(Beginning of Records to process)

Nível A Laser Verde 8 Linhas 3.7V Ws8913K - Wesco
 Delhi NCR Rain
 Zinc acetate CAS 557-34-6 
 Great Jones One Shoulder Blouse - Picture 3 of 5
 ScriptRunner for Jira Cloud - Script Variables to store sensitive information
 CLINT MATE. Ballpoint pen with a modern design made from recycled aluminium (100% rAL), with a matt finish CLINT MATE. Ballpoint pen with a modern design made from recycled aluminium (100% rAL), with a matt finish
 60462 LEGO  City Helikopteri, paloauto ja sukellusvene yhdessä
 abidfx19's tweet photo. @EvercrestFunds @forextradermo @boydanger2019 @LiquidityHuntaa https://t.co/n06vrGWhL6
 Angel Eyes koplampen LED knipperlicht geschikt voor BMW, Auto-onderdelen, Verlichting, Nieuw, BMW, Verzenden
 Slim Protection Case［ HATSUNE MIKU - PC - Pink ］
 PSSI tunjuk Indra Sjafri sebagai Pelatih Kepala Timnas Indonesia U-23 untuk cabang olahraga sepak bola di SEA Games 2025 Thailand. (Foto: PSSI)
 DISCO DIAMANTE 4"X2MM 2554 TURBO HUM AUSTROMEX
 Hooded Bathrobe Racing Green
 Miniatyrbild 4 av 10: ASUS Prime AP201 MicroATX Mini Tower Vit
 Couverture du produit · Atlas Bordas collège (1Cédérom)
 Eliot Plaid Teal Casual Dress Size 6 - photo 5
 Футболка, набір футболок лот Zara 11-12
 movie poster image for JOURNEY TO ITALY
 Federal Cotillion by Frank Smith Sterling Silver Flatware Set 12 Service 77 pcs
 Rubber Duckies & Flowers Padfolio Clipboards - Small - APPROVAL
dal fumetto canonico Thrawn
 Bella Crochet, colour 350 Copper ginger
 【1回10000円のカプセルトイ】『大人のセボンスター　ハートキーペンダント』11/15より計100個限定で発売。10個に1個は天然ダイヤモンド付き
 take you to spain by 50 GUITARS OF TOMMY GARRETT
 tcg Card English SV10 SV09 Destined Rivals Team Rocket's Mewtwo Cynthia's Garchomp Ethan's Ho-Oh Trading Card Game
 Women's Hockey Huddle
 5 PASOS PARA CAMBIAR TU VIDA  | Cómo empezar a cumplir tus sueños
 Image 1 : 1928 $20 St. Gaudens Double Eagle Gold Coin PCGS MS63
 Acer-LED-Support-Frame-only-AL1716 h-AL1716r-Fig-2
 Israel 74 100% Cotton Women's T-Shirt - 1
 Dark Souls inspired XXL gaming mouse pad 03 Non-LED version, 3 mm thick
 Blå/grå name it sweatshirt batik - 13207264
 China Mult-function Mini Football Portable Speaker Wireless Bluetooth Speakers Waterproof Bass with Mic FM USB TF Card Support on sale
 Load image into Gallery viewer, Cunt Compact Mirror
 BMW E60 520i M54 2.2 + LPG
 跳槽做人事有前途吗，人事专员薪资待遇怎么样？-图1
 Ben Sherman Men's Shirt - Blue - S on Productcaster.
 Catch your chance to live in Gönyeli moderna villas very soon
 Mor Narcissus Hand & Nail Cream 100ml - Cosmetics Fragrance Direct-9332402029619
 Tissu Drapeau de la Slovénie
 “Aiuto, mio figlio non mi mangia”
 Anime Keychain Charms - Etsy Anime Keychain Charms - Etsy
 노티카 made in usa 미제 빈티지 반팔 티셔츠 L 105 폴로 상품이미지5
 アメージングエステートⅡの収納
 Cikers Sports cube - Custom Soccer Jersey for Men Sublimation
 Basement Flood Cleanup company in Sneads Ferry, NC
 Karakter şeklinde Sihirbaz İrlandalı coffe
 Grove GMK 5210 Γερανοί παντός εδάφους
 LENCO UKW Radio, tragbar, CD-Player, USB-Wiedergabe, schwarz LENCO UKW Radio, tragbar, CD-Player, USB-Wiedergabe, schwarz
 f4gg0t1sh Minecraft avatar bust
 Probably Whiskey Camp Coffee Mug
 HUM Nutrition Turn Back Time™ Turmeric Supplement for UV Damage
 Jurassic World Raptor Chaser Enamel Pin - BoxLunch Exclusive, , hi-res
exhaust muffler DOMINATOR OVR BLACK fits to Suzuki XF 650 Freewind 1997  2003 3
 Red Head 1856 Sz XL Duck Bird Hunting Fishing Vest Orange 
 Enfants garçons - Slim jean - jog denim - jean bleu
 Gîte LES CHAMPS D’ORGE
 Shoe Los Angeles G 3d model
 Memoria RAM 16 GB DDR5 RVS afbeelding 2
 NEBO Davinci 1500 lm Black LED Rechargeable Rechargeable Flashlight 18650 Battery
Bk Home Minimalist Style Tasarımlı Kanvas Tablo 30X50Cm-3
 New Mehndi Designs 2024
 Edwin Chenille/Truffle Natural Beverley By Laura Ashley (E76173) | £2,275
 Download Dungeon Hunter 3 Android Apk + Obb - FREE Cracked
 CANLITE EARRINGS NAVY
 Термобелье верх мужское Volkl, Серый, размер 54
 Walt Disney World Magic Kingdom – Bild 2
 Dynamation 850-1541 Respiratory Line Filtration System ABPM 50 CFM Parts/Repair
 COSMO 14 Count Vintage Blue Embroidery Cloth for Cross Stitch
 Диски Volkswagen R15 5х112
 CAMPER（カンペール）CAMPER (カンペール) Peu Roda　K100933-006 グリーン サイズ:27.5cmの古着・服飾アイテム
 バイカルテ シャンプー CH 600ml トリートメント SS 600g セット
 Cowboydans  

(End of Records to process)

— Work request —
Only the lines from the one containing "Диски Volkswagen R15 5х112" through the last line of the entries above should be copied, exactly as written.

— Answer to this problem —
 Диски Volkswagen R15 5х112
 CAMPER（カンペール）CAMPER (カンペール) Peu Roda　K100933-006 グリーン サイズ:27.5cmの古着・服飾アイテム
 バイカルテ シャンプー CH 600ml トリートメント SS 600g セット
 Cowboydans  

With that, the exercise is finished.